Chapter 4
Running Large Calculations

Phonon calculations even on small crystalline systems typically require many times the CPU resources of a ground state calculation. DFPT calculations of phonon dispersion compute dynamical matrices at a number of phonon wavevectors, each of which contains calculations of several perturbations. Each perturbation will typically require a large k-point set due to symmetry breaking by the perturbation. If the supercell method is used, converged calculations require a system of a typical size of a few hundred atoms, and many perturbations, although the k-point set used is smaller. Consequently, calculations on systems of scientific interest frequently require departmental, university or national-level supercomputing facilities, usually parallel cluster class machines.

Much of the advice for effective use of cluster or supercomputer class resources is the same as for ground-state or other types of CASTEP calculations, but there are a few special considerations for phonon calculations, set out below. Among the particularly relevant general items are the choice of memory/speed tradeoff; usually the best approach is to select the highest speed option OPT_STRATEGY_BIAS : 3 which retains wavefunction coefficients in memory rather than paging to disk. Only if the memory requirement exceeds the installed memory per node should this be lowered to zero or -3, which will page wavefunctions to disk. In that case it is vital to ensure that the temporary scratch files are written to high-speed disk (either local or a high-performance filesystem). This is usually controlled by setting the environment variable TMPDIR to point to an appropriate filespace, but the exact behaviour is compiler-dependent.

Another consideration may be that the memory requirement of the wavefunctions may be larger than can be accommodated on a small number of nodes. In that case the processor count requested should be increased to distribute the wavefunction arrays across a larger set of processors, reducing the memory/processor requirement.

4.1 Parallel execution

CASTEP implements a parallel strategy based on a hierarchical distribution of wavefunction data by k-point and plane-wave (and in future releases, band) across processors. In a phonon calculation this is used to speed up the execution within each perturbation and q-point which are still executed serially in sequence. Normally an efficient distribution is chosen automatically providing that the data_distribution parameter is not changed from the default value mixed.

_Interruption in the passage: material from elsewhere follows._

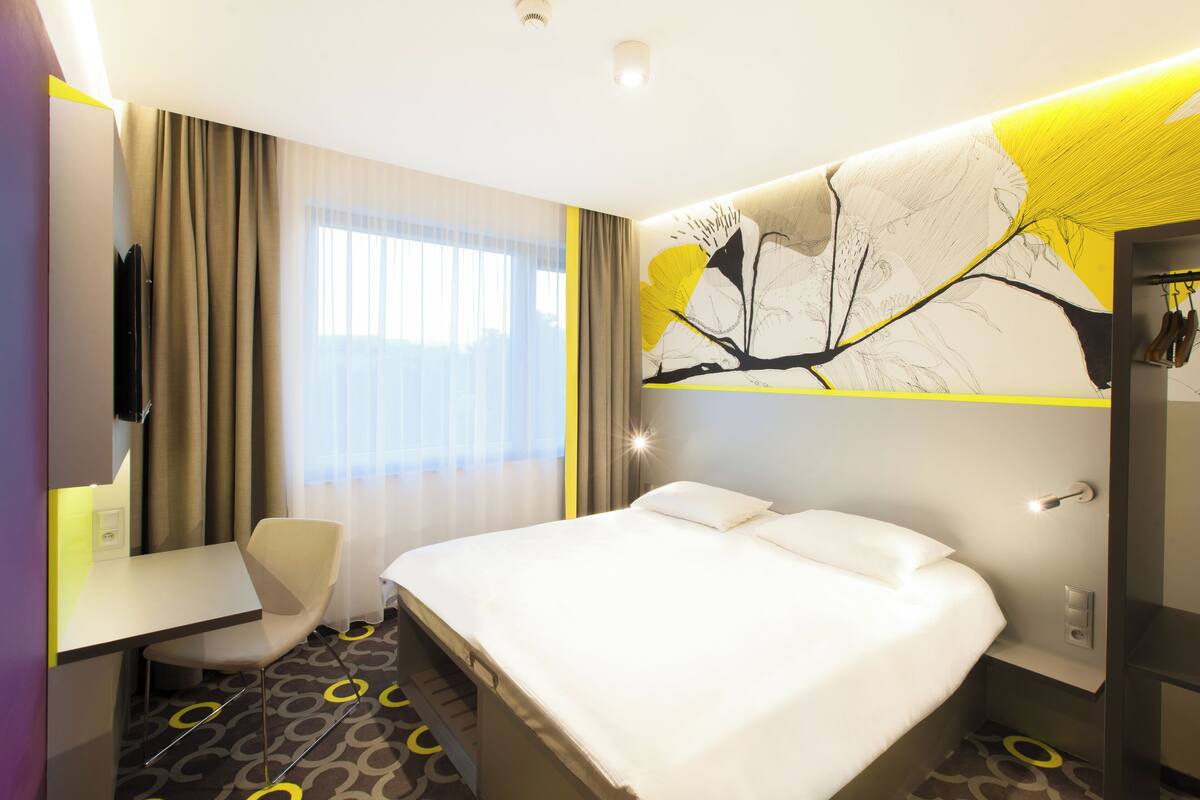 Una habitación de hotel con cama, escritorio, silla y un amplio ventanal con cortinas.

To best exploit the k-point component of the parallel distribution, the total number of the processors requested should be a multiple of the number of electronic k-points or have a large common divisor. The parallel distribution is printed to the .castep file, where in this example four k-points are used:

Calculation parallelised over   32 nodes.  
K-points are distributed over    4 groups, each containing    8 nodes.

For most types of CASTEP calculations it is sufficient to choose a processor count which is a multiple of Nk, and that the degree of plane-wave-parallelism is not so large that efficiency is lost.

However the choice of processor number in a phonon calculation is severely complicated by the fact that the number of electronic k-points in the irreducible Brillouin Zone changes during the run as the perturbations and phonon q-points have different symmetries. It is not convenient to compute the number for any perturbation individually without a detailed analysis, and some compromise between all of the perturbations should be chosen. To assist in this choice a utility program, phonon_kpoints is provided. This reads the configuration of the proposed calculation from the .cell file and is simply invoked by

phonon_kpoints seedname

It then determines and prints the k-point counts, and provides a “figure of merit” for a range of possible processor counts. On most parallel architectures the efficiency of the plane-wave parallelism becomes unacceptable if there are fewer than around 200 plane-waves per node. It is usually possible to choose a processor count which allows a highly parallel run while keeping the number of plane-waves per node considerably higher than this.

4.2 Checkpointing and Restarting

Even with a parallel computer, it is frequently the case that a calculation can not be completed in a single run. Many machines have a maximum time limit on a batch queue which may be too short. On desktop machines, run time may be limited by reliability and uptime limitations. CASTEP is capable of periodically writing “checkpoint” files containing a complete record of the state of the calculation and of restarting and completing a calculation from such a checkpoint file. In particular dynamical matrices from complete q-points, and partial dynamical matrices from each perturbation are saved and can be used in a restart calculation. To enable the writing of periodic checkpoint files, set the parameter

 backup_interval 3600

which will write a checkpoint file named seedname.check every hour (the time is specified in seconds) or on completion of the next perturbation thereafter. To restart a calculation, set the parameter

 continuation : default

in the .param file before resubmitting the job. This will attempt to read seedname.check and restart the calculation from there. Alternatively the full filename of a checkpoint file may be given as argument to the continuation keyword to read an explicitly named file.

At the end of the calculation a checkpoint file seedname.check is always written. As with the intermediate checkpoint files this contains a (now complete) record of the dynamical matrices or force constant matrix resulting from phonon calculation. This may be analysed in a post-processing phase using the phonons utility.